Most speakers dread the time slot right after lunch, with good reason. The nodding heads and half-mast eyelids are usually blamed on the energy-sapping process of digestion combined with a satisfied state of relaxation. However, published data indicate that 25% of the audience is losing the battle to stay awake for an additional reason; that's the percentage of people who suffer, at some level, from sleep-disordered breathing. They're not just experiencing a post-prandial lull. They are being drawn toward full-blown REM sleep — and have been from the time they got out of bed that morning.
No vending machine energy drink will fix the problem they are living with, and it's a problem that adds up to an estimated $150 billion in lost productivity annually.
In October, 2004, Harvard Business Review published an article entitled "Presenteeism: At Work — But Out of It." Its author Paul Hemp argued that, whereas managers tend to be highly aware of worker absenteeism, they should be more attuned to presenteeism, which finds workers at their posts but prevented by various ailments from performing very well. Hemp wrote about the enervating effects of depression, arthritis, back pain, headaches, heartburn, and more. But what he missed was the real 800-lb gorilla of presenteeism: untreated sleep-disordered breathing.
That omission was understandable almost a decade ago. In the nearly ten years since Hemp wrote his article, we have learned a great deal about the legions of workers whose days begin without a good night's rest, simply because they are unable to breathe normally during sleep due to the spasmodic blockage of their upper airway.
Sleep-disordered breathing includes obstructive sleep apnea (OSA) and central sleep apnea (CSA). OSA occurs when the throat relaxes during sleep and partially or completely blocks the upper airway. OSA sufferers regularly stop breathing for 10 or more seconds, multiple times per night. The oxygen deprivation triggers the brain's wake-up response and there is often a stentorian gasp for air. This can happen hundreds of times a night, though a sufferer usually won't remember waking up. CSA, which is many times less common than sleep-disordered breathing, is caused by a failure of the brain to send signals to the muscles that enable breathing, and similar apneic events occur. CSA is analogous to a sigh.

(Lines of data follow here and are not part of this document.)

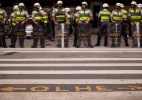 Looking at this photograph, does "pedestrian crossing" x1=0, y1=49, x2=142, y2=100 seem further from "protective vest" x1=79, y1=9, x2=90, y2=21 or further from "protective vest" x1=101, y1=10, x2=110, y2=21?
"protective vest" x1=101, y1=10, x2=110, y2=21

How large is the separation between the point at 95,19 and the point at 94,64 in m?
21.6

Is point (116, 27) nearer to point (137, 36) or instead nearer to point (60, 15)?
point (137, 36)

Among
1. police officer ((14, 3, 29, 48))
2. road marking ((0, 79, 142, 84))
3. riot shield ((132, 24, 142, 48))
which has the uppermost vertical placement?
police officer ((14, 3, 29, 48))

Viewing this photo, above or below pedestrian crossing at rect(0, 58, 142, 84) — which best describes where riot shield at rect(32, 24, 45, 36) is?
above

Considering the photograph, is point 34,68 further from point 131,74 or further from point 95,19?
point 95,19

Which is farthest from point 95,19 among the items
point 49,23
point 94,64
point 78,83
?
point 78,83

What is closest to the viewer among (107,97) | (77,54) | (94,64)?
(107,97)

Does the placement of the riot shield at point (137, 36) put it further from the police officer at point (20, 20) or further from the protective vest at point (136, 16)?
the police officer at point (20, 20)

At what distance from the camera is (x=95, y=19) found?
97.9ft

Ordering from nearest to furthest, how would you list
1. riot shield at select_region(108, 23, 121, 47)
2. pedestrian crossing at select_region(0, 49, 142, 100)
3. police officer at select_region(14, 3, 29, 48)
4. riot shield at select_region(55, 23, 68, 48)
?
pedestrian crossing at select_region(0, 49, 142, 100) < riot shield at select_region(55, 23, 68, 48) < riot shield at select_region(108, 23, 121, 47) < police officer at select_region(14, 3, 29, 48)

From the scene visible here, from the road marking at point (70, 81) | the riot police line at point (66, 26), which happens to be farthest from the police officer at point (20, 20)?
the road marking at point (70, 81)

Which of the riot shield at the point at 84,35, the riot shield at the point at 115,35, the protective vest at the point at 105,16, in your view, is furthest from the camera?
the protective vest at the point at 105,16

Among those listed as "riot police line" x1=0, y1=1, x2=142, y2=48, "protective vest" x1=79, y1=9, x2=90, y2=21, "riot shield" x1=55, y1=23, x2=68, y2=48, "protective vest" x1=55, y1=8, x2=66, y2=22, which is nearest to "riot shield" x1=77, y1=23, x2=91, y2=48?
"riot police line" x1=0, y1=1, x2=142, y2=48

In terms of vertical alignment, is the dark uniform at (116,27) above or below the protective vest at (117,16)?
below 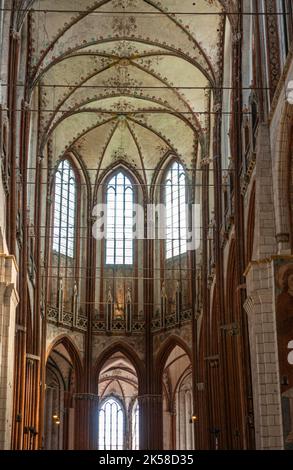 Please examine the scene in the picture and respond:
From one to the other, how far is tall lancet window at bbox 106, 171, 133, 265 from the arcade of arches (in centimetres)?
8

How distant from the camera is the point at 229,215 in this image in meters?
31.4

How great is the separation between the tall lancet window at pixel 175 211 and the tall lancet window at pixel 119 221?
2128mm

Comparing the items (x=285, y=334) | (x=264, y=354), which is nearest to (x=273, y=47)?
(x=264, y=354)

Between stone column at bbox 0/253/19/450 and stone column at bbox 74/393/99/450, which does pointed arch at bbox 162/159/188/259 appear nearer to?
stone column at bbox 74/393/99/450

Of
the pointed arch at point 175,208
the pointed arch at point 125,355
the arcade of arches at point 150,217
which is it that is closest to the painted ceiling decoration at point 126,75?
the arcade of arches at point 150,217

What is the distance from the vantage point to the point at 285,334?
1934cm

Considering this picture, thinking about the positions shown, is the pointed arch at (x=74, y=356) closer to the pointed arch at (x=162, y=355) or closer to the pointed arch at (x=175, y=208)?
the pointed arch at (x=162, y=355)

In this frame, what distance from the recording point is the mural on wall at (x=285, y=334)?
1898 centimetres

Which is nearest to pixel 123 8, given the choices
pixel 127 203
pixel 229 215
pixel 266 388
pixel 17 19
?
pixel 17 19

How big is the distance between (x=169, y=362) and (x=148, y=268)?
5844 mm

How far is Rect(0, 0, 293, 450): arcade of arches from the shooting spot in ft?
75.5

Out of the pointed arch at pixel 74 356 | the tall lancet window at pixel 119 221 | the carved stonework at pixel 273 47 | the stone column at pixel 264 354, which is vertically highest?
the tall lancet window at pixel 119 221

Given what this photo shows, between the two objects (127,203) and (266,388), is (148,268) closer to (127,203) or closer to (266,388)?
(127,203)

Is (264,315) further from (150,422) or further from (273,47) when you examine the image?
(150,422) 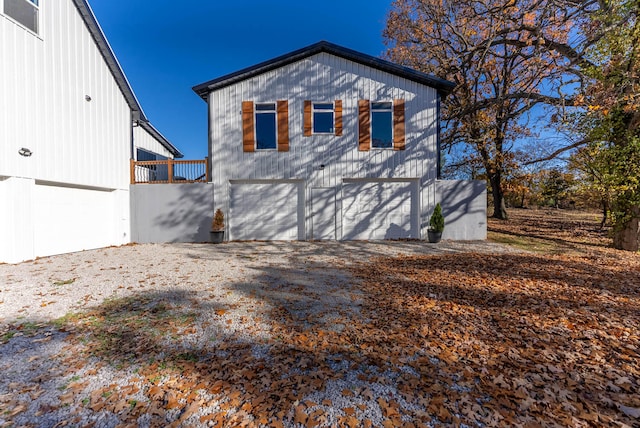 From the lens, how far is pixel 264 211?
9.62m

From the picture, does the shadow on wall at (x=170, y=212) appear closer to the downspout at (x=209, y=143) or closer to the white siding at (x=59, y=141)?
the white siding at (x=59, y=141)

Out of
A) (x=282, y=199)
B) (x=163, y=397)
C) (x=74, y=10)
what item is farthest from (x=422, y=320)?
(x=74, y=10)

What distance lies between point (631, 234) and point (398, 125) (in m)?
7.31

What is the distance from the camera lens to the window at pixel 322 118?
9.52 metres

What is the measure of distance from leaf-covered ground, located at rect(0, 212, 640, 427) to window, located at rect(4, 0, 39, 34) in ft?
24.4

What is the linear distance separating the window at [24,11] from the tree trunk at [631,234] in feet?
53.5

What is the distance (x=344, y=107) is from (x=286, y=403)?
923 centimetres

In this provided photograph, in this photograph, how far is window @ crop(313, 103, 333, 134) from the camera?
9523 millimetres

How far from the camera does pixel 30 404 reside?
194cm

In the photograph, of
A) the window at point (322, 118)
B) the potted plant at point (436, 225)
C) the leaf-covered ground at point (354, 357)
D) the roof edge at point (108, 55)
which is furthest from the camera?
the window at point (322, 118)

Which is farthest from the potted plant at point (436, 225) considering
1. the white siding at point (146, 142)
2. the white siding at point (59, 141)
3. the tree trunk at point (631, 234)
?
the white siding at point (146, 142)

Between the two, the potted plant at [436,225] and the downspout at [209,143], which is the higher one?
the downspout at [209,143]

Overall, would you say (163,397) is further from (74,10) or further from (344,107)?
(74,10)

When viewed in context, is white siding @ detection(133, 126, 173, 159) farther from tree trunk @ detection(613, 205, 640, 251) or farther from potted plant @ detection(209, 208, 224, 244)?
tree trunk @ detection(613, 205, 640, 251)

High Prevalence, Low Treatment Rates
The prevalence of mild to severe sleep-disordered breathing is estimated to be nearly one in four adults and these data are based upon studies from several countries including Canada, Israel, and the U.S. Of those affected by sleep-disordered breathing, fewer than 15 percent have been diagnosed and treated. Left untreated, sleep-disordered breathing sufferers are persistently sleep-deprived and they take that condition with them wherever they go. In their morning commutes, at their desks, in meetings, and getting home again, sleep-disordered breathing sufferers fight the body's irresistible urge to sleep.
The occupational health and safety risks are obvious. Much has been made — and rightfully so — about drowsy truckers and rail operators causing fatalities, but the life-or-death implications extend far beyond these kinds of incidents. And as a public healthcare problem, untreated sleep-disordered breathing is without equal. It has been confirmed as the key driver of hypertension as well as a key participant in heart disease, diabetes, reflux, depression, and more. Given its prevalence, untreated sleep-disordered breathing is driving healthcare costs sky high.
The Good News — Diagnosis and Treatment are Accessible
The most common and effective treatment for sleep-disordered breathing is nasal continuous positive airway pressure (CPAP) therapy, which involves a device that generates a continuous flow of air, and a mask that directs that air flow to the patient's airway through the nares, providing an air splint to maintain healthy breathing.
It used to be that if a person was suspected of having sleep-disordered breathing, they would be directed to a sleep clinic and have to devote a night in a sleep lab for diagnosis and yet another night for calibrating the CPAP device. That is expensive and inefficient. Now patients can conduct a sleep test at home, and be prescribed a therapy that auto-adjusts to their specific breathing patterns and needs. In fact, home sleep testing (HST) coupled with automatic PAP therapy is revolutionizing the sleep-disordered breathing space. HST and APAP are much, much cheaper than attending a sleep clinic and so much more convenient for the patient. And they constitute a solution that is scalable.
When sleep-disordered breathing patients are successfully treated — meaning they adhere to therapy — a ripple effect of positive things happens:
- First, the sleep-disordered breathing patient reaps the benefits of healthy sleep, being alert and more productive during the day. Overall quality of life improves dramatically.
- Second, the progression of any associated co-morbidity, such as hypertension or heart disease, reflux, depression, and so on, are invariably ameliorated and often completely reversed.
- And, finally, the overall cost of healthcare decreases, saving both patient and employer, as well as the healthcare system, money.
Some companies have embraced the ROI of having formal sleep care management programs, which include diagnosis and treatment of sleep-disordered breathing. Those who have not are missing out, not just on reduced healthcare costs, but on the benefit of having workers who are not only present at their posts but doing a job of which they can be proud.